The internet is a battleground. While social media platforms have spent years refining algorithms to detect hateful text, the adversary has evolved. Hate speech is no longer just about nasty words typed into a status update; it has migrated to the visual realm. Internet memes—images overlaid with text—have become a dominant vehicle for spreading animosity, often bypassing traditional text-based filters.
This shift presents a massive engineering challenge. Text-based hate speech detection is a mature field with abundant datasets. Vision-language (multimodal) detection, however, is data-starved.
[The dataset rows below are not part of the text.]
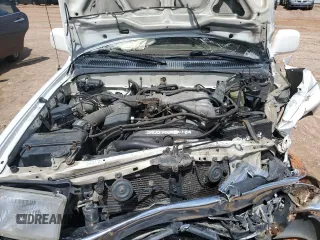 1996 Toyota 4Runner SR5 с VIN JT3HN86R5T0039510, выставлен на аукционе Copart как лот 56756165 с пробегом 297 421 миль миль и Списание • Salvage title. История ставок и продаж доступна на DreamBid. Изображение 12.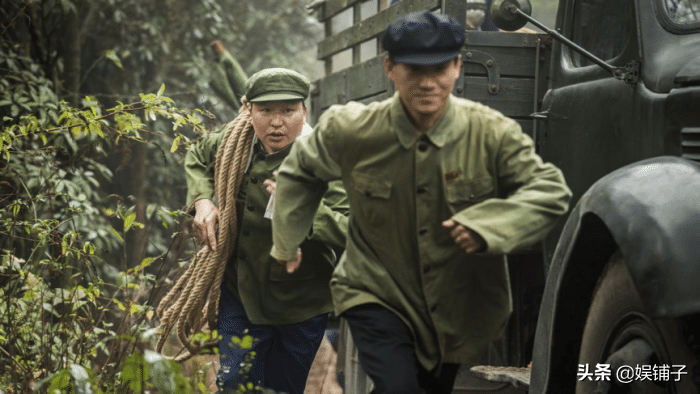 《正是青春璀璨时》地方台热播，剧情俗套类似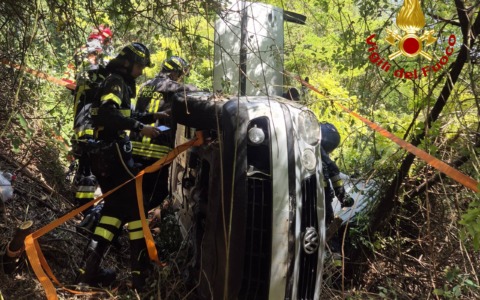 Tremosine sul Garda: auto finisce nel burrone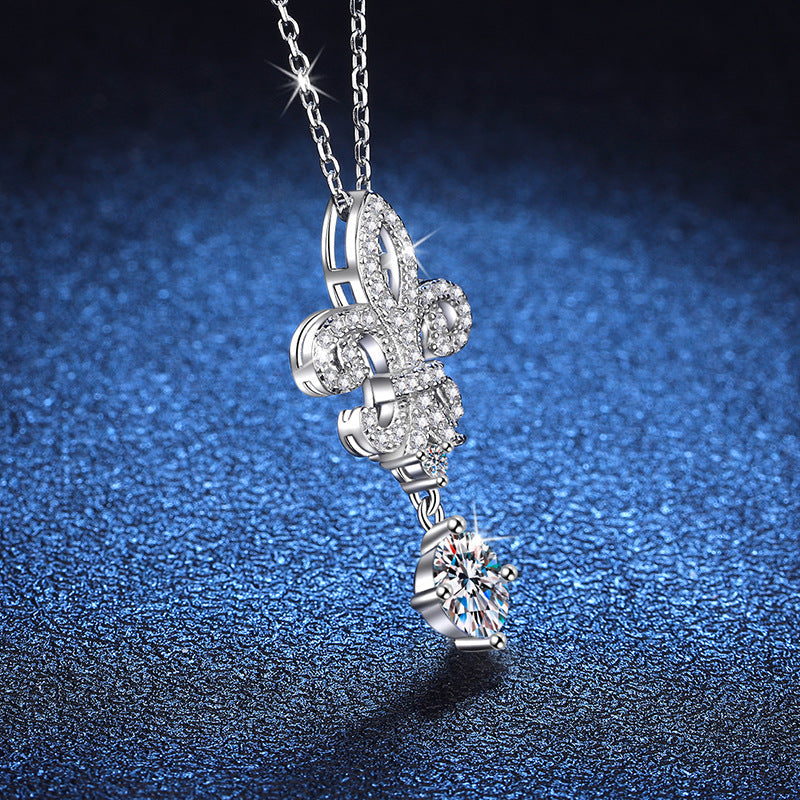 [Riva Jewelry]ROYAL FLEUR-DE-LIS MOISSANITE PENDANT NECKLACE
Privacy concerns, copyright issues, and the sheer difficulty of scraping memes make building large training sets for memes incredibly difficult.
This leads to a fascinating research question: If we have millions of examples of hateful text, can we use them to teach an AI how to spot hateful memes?
In the paper Bridging Modalities: Enhancing Cross-Modality Hate Speech Detection with Few-Shot In-Context Learning, researchers investigate this exact possibility. They explore a novel approach that leverages the richness of text-based data to improve performance in the data-scarce environment of multimodal hate speech detection.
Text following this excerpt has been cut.